Aim of the exercise
Return exactly the lines from the "X0000111200319200907291235" line through the last line of the entries below. Include no pictures.

Dataset extract
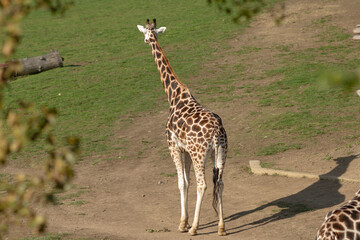 A tall giraffe poses gracefully in its enclosure, showcasing its unique spots and impressively long neck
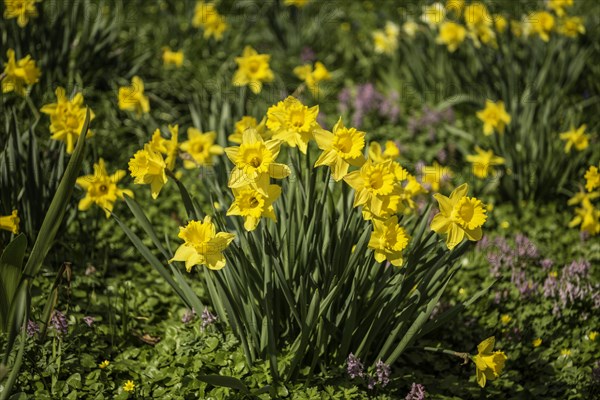 Wild daffodils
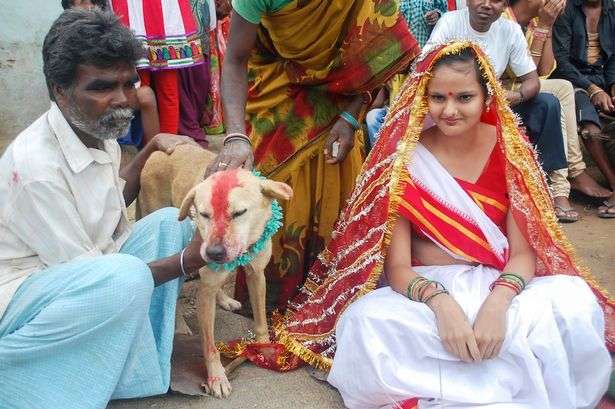 18歳女性が犬と結婚させられる…インド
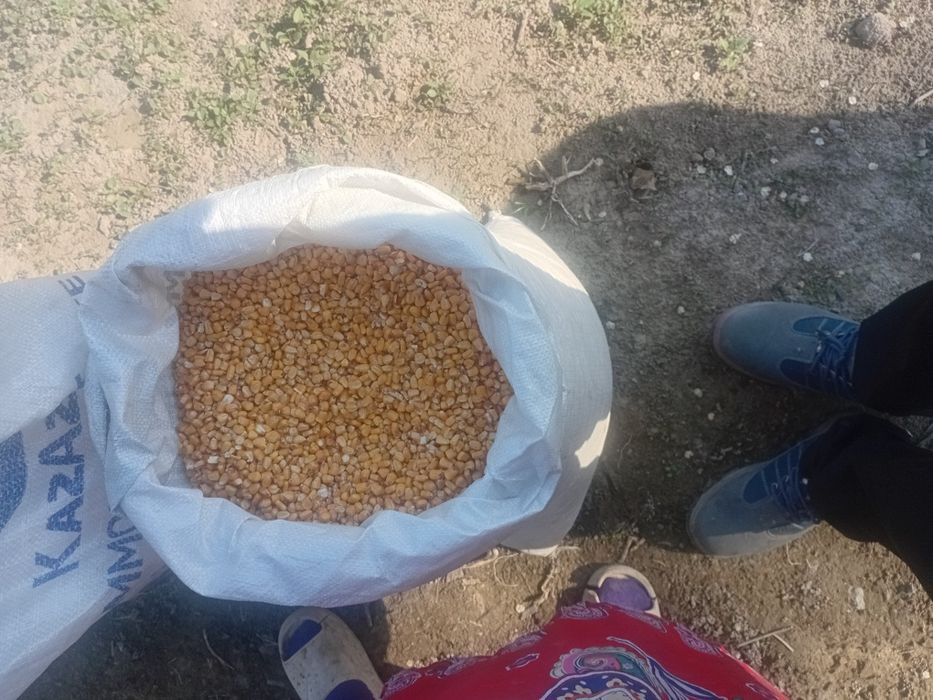 Кукуруза кукуруза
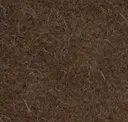 Kodiak Bear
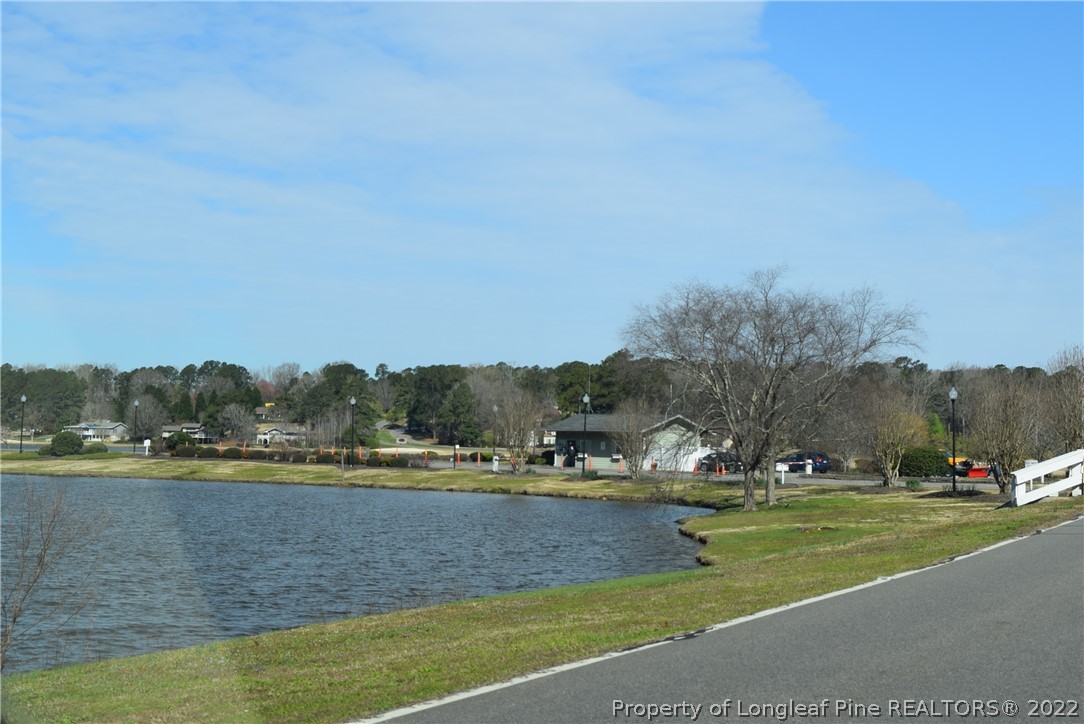 0 Rye Road Sanford, NC 27332 - Photo 8 of 17 Gallery Image 8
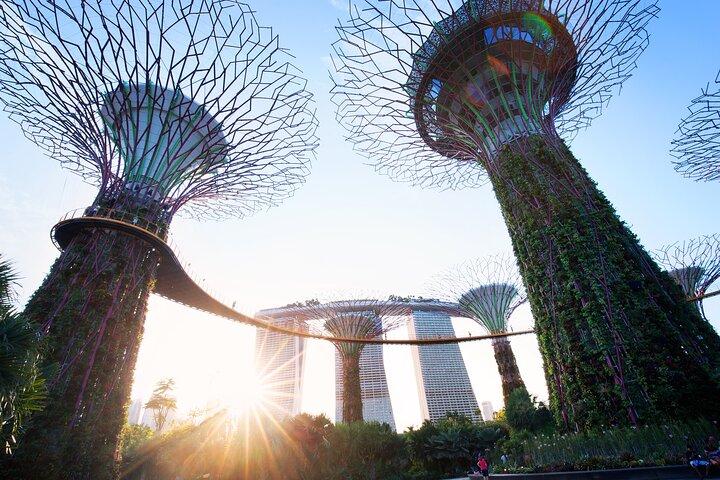 2-4 days in Singapore Guided Tour Pass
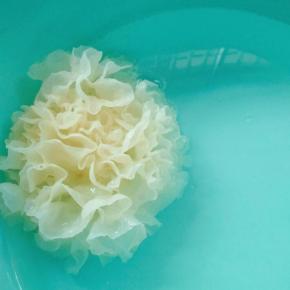 不用搓洗，只需放入清水之中浸泡一会，就饱满灿烂了，换水充分浸泡清洗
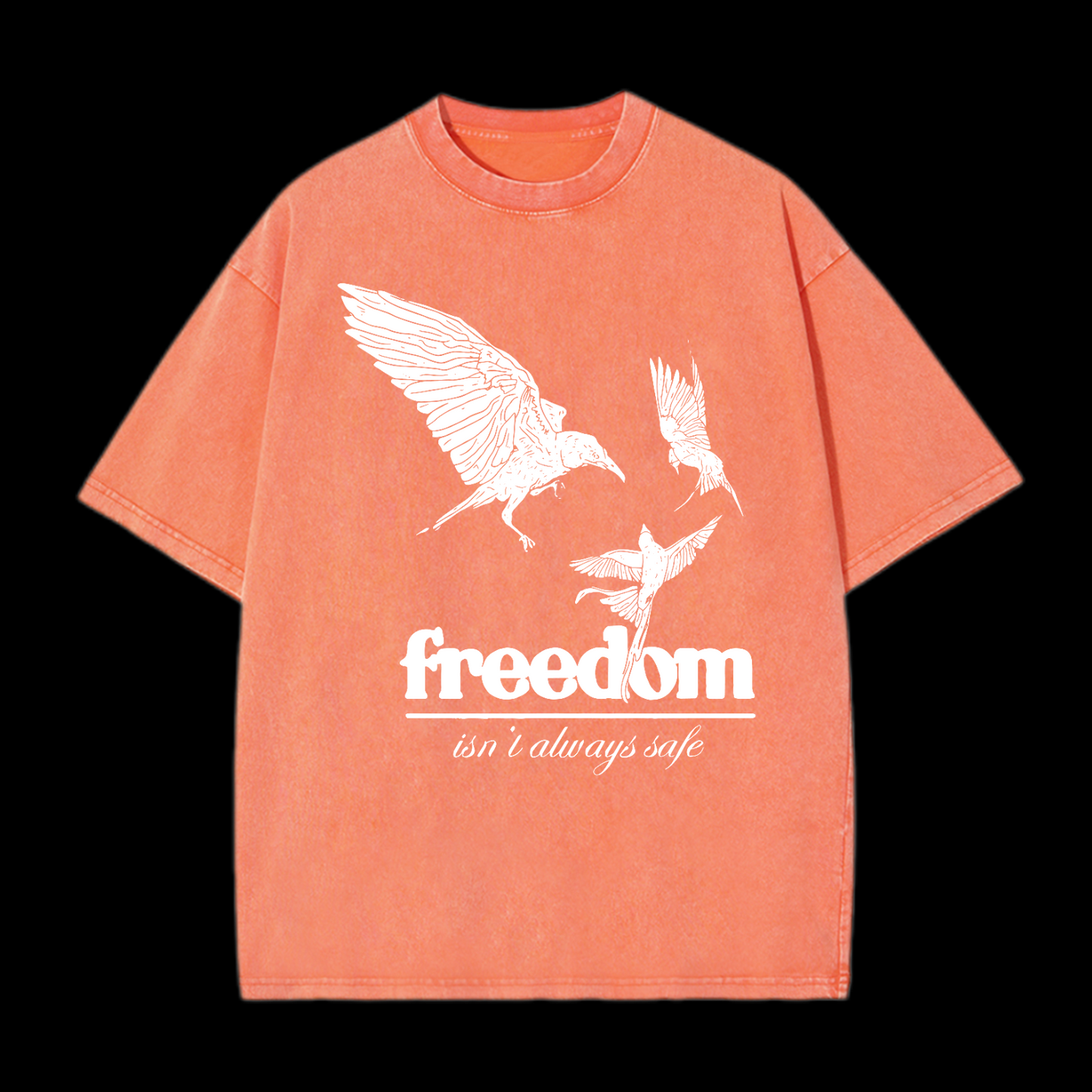 Freedom Isn't Always Safe Washed T-Shirt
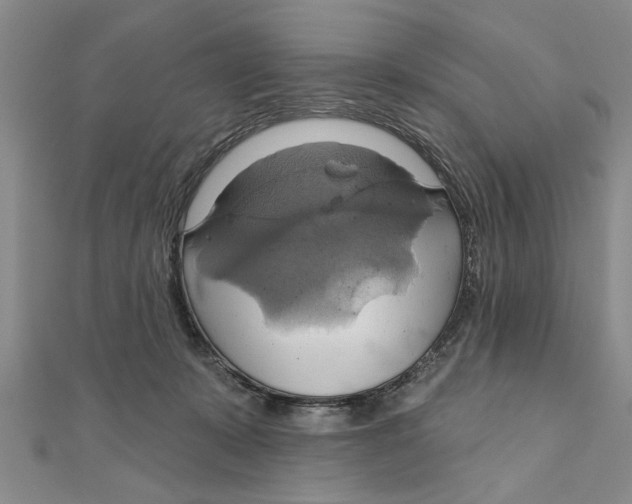 X0000111200319200907291235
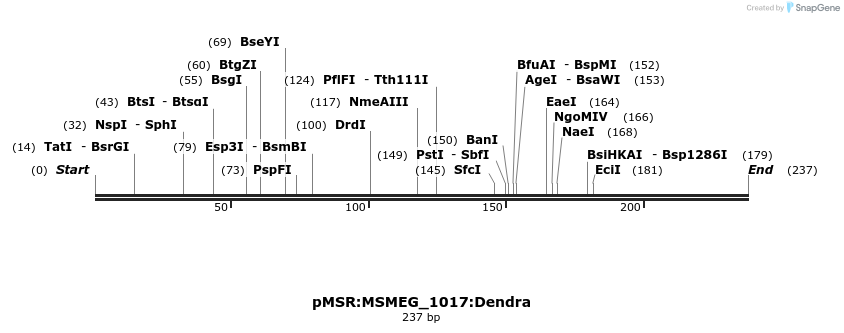 339361_map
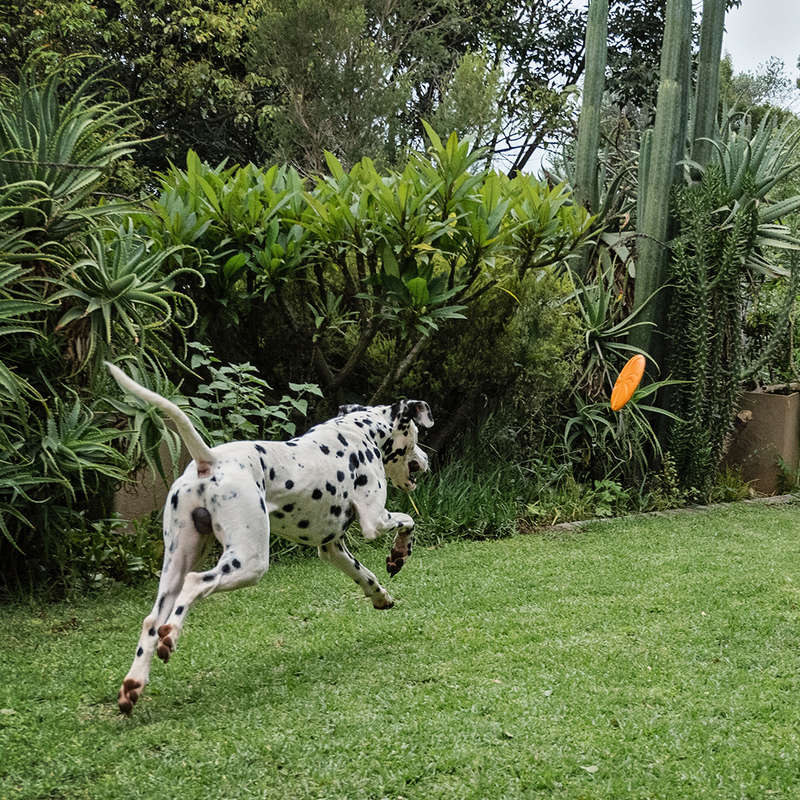 Aeroglide EVA Dog Toy | Zugo | Floating Lightweight Flying Disc for Dogs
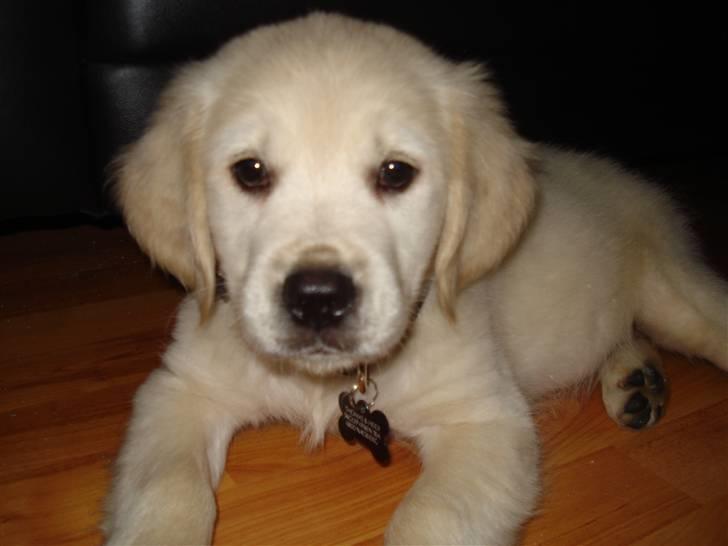 Golden retriever Coco billede 2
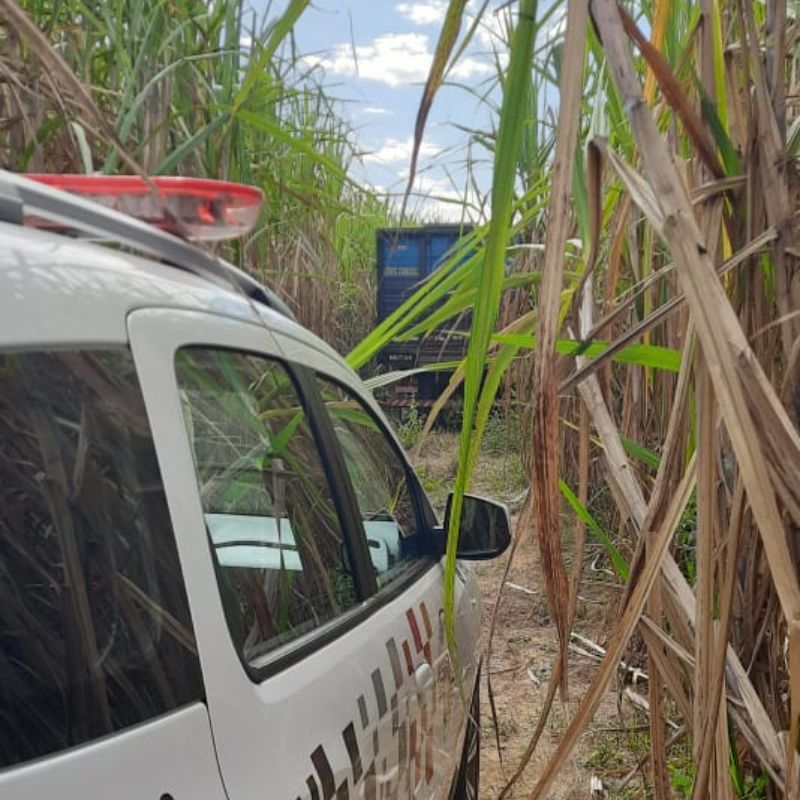 Caminhão furtado é encontrado pela Polícia Militar de Tupã em área de plantação de cana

Problem solution
 X0000111200319200907291235
 339361_map
 Aeroglide EVA Dog Toy | Zugo | Floating Lightweight Flying Disc for Dogs
 Golden retriever Coco billede 2
 Caminhão furtado é encontrado pela Polícia Militar de Tupã em área de plantação de cana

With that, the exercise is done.